• **Task inputs**
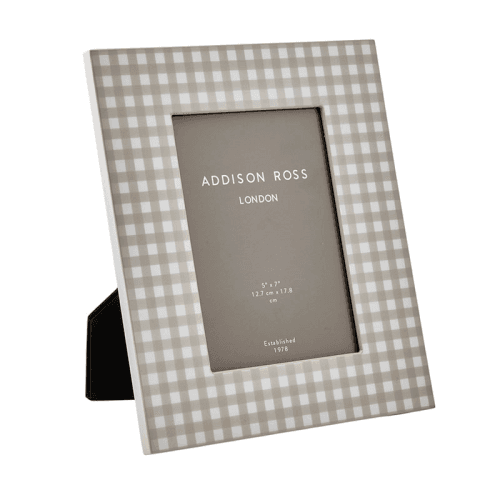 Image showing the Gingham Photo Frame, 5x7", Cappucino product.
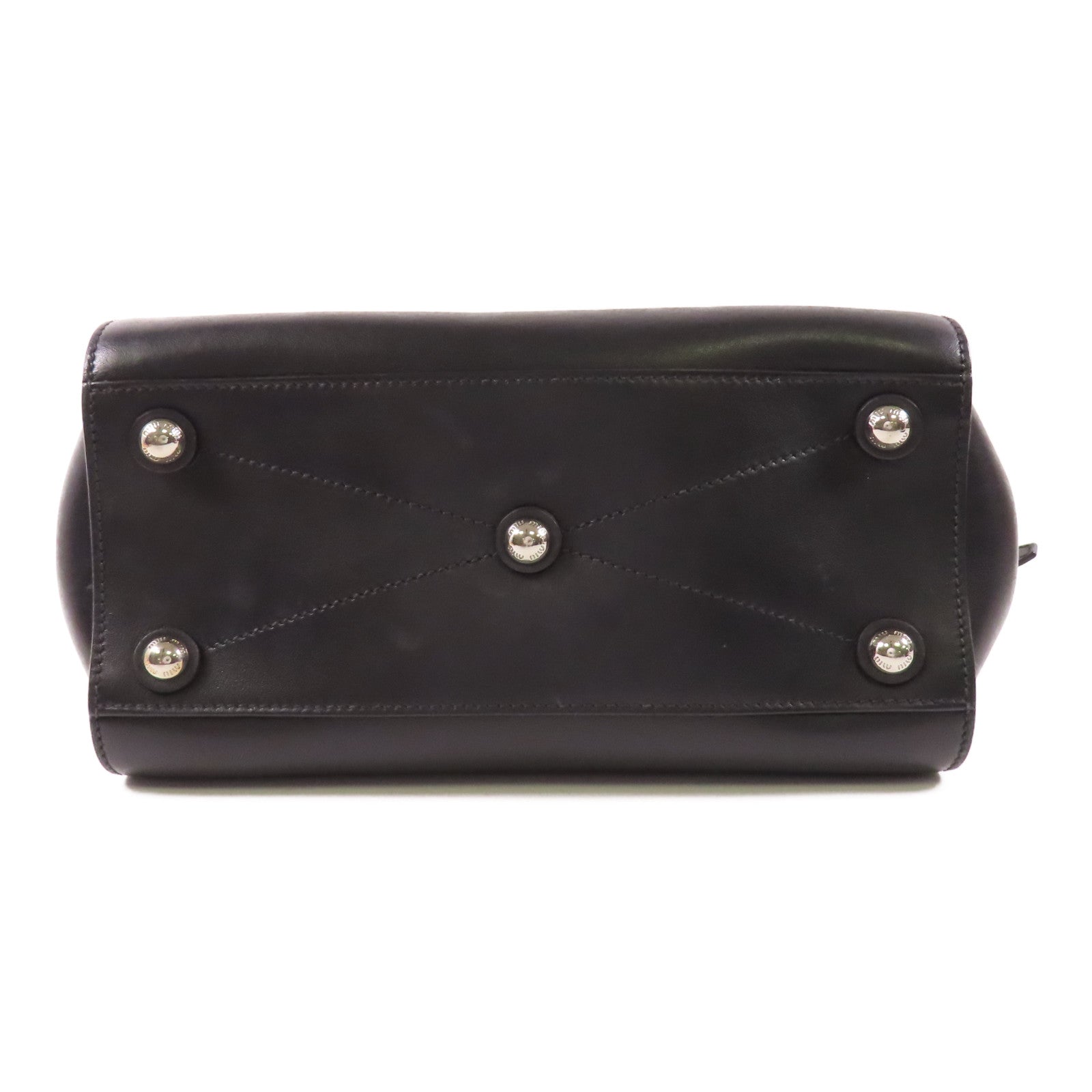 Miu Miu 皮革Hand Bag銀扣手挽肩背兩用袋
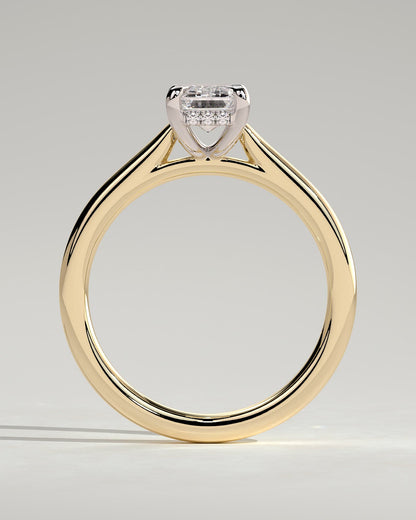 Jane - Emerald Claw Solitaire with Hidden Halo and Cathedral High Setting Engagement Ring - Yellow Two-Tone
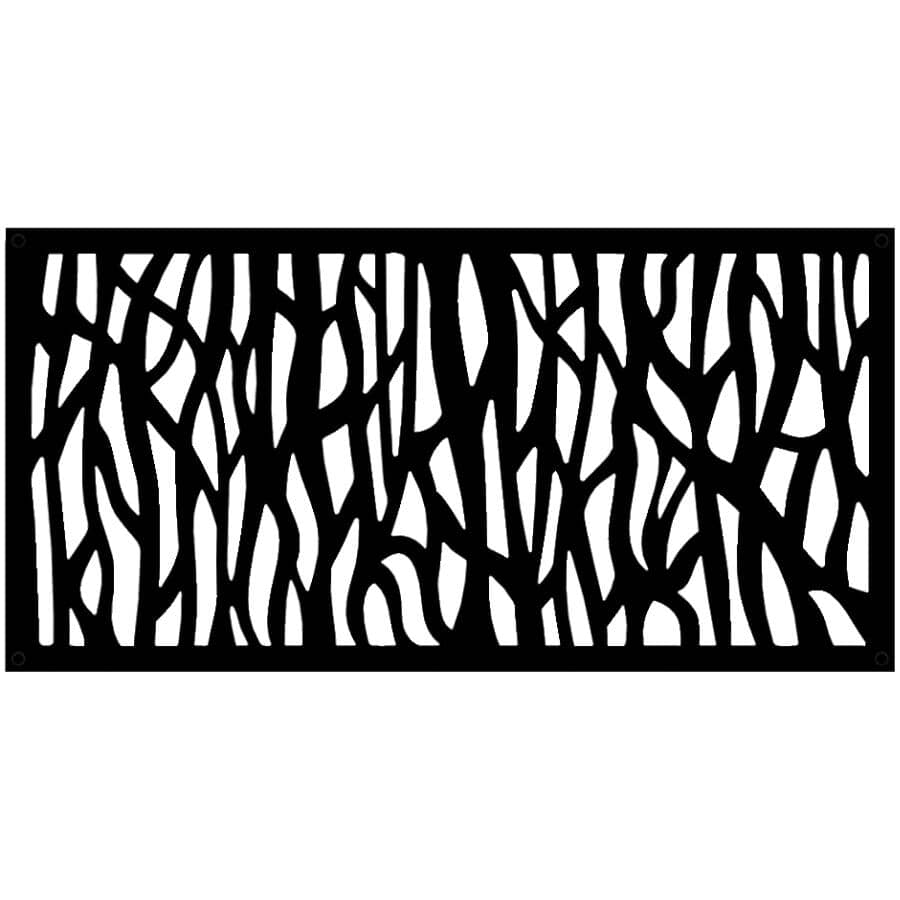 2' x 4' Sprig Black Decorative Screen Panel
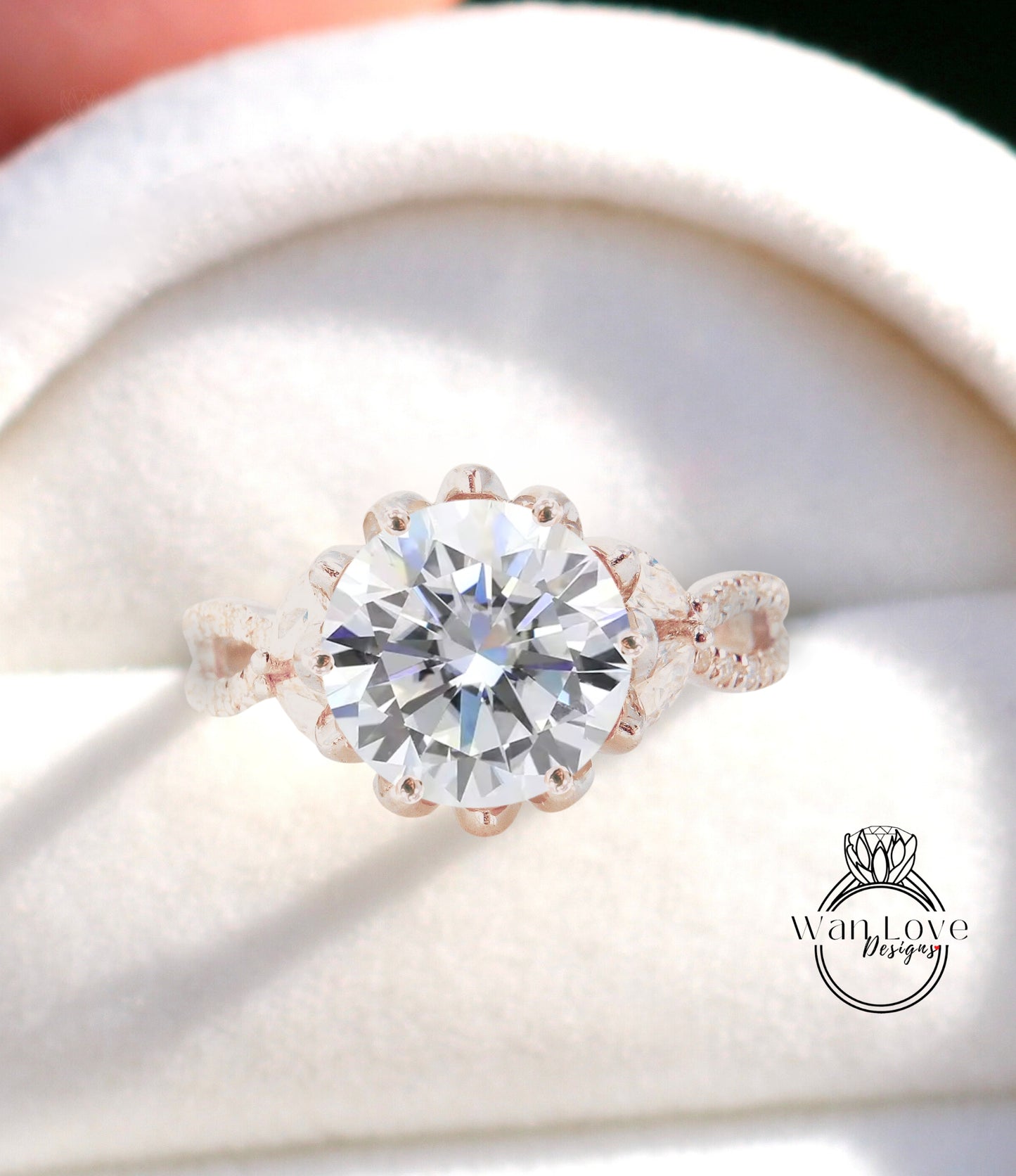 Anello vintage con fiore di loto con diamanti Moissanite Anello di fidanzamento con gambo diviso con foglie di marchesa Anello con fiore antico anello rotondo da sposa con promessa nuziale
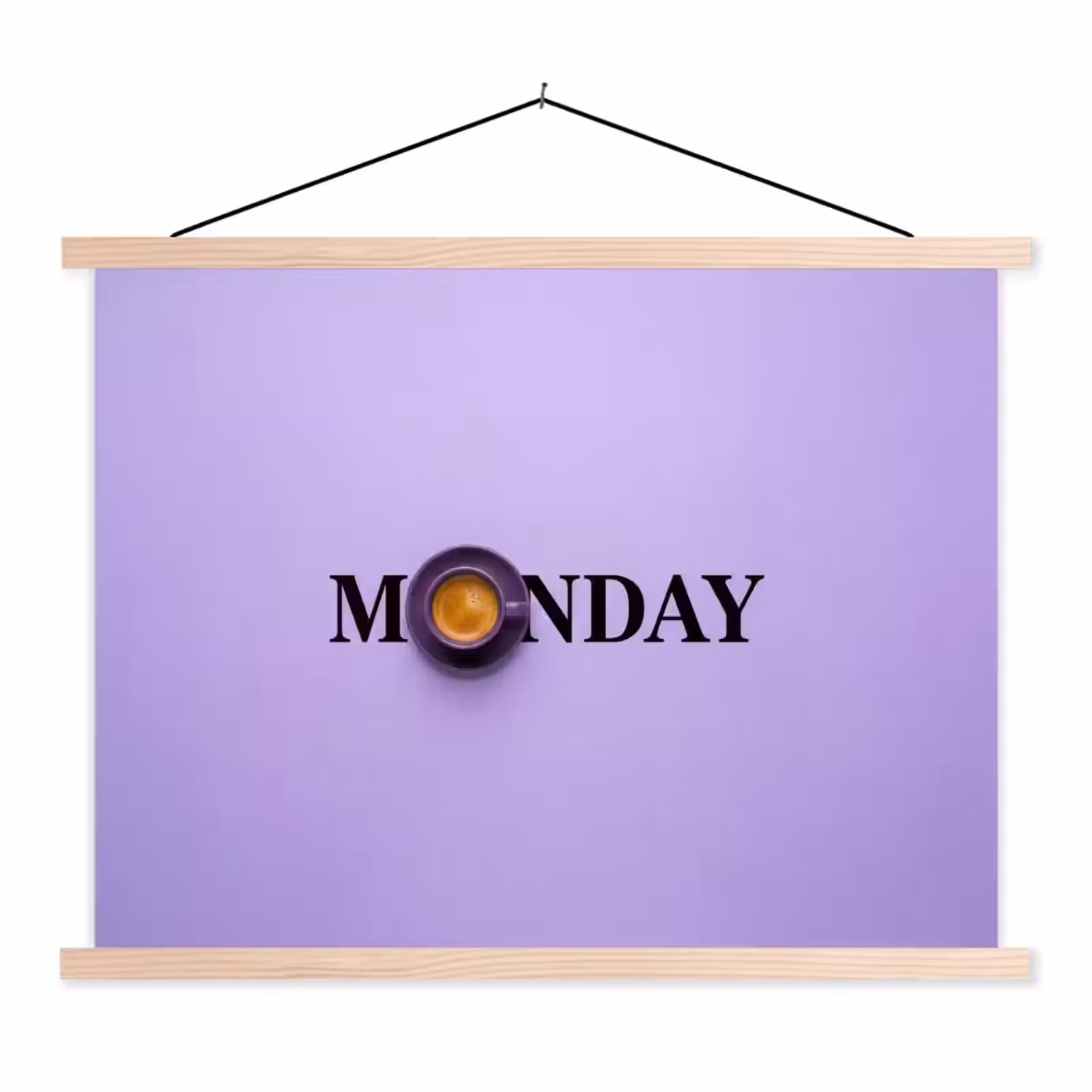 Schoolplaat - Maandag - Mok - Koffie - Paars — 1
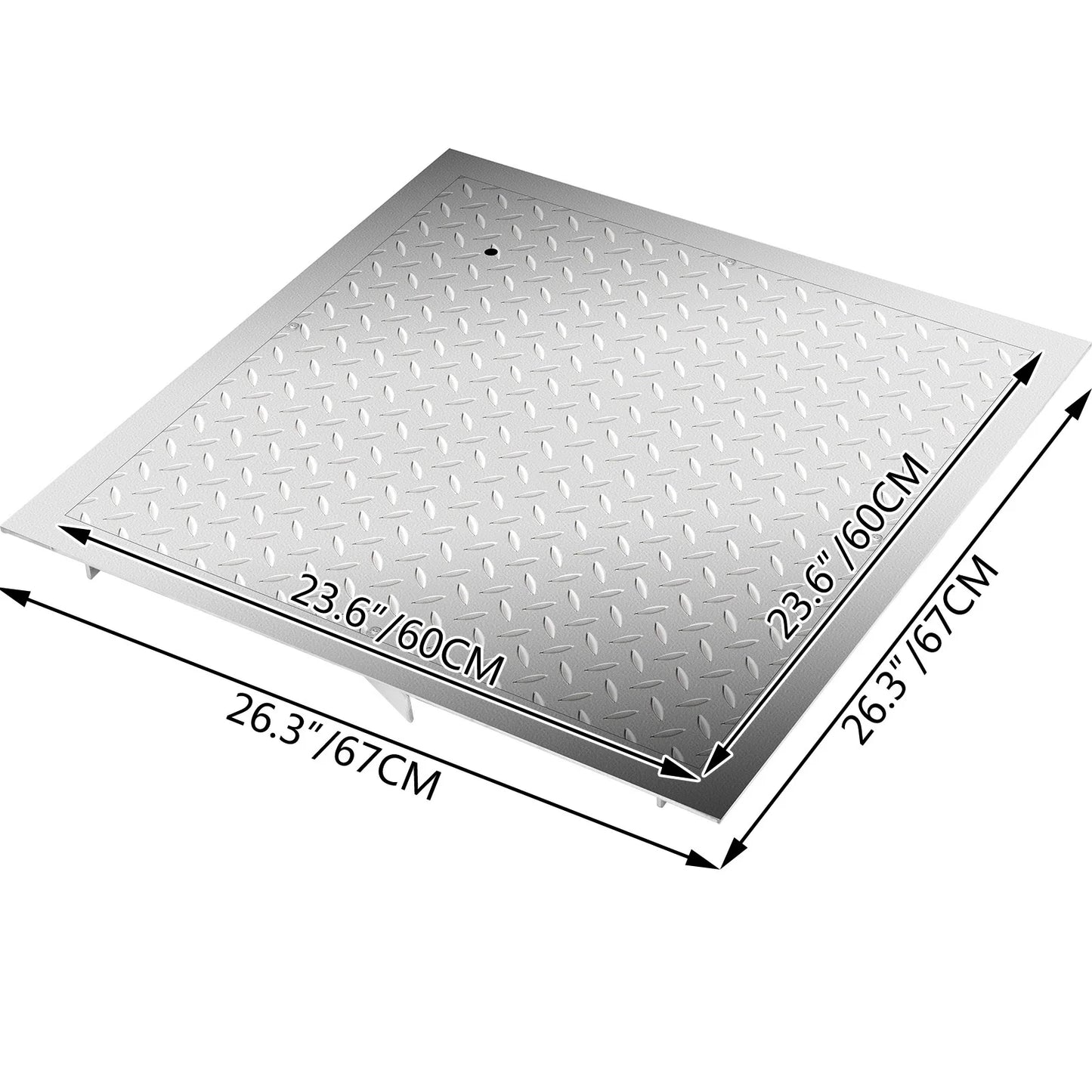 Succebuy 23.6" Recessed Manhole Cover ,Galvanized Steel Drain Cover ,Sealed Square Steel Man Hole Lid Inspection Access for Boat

• **Problem statement**
Each entry should be set down exactly, pictures excluded.

• **Response area**
 Image showing the Gingham Photo Frame, 5x7", Cappucino product.
 Miu Miu 皮革Hand Bag銀扣手挽肩背兩用袋
 Jane - Emerald Claw Solitaire with Hidden Halo and Cathedral High Setting Engagement Ring - Yellow Two-Tone
 2' x 4' Sprig Black Decorative Screen Panel
 Anello vintage con fiore di loto con diamanti Moissanite Anello di fidanzamento con gambo diviso con foglie di marchesa Anello con fiore antico anello rotondo da sposa con promessa nuziale
 Schoolplaat - Maandag - Mok - Koffie - Paars — 1
 Succebuy 23.6" Recessed Manhole Cover ,Galvanized Steel Drain Cover ,Sealed Square Steel Man Hole Lid Inspection Access for Boat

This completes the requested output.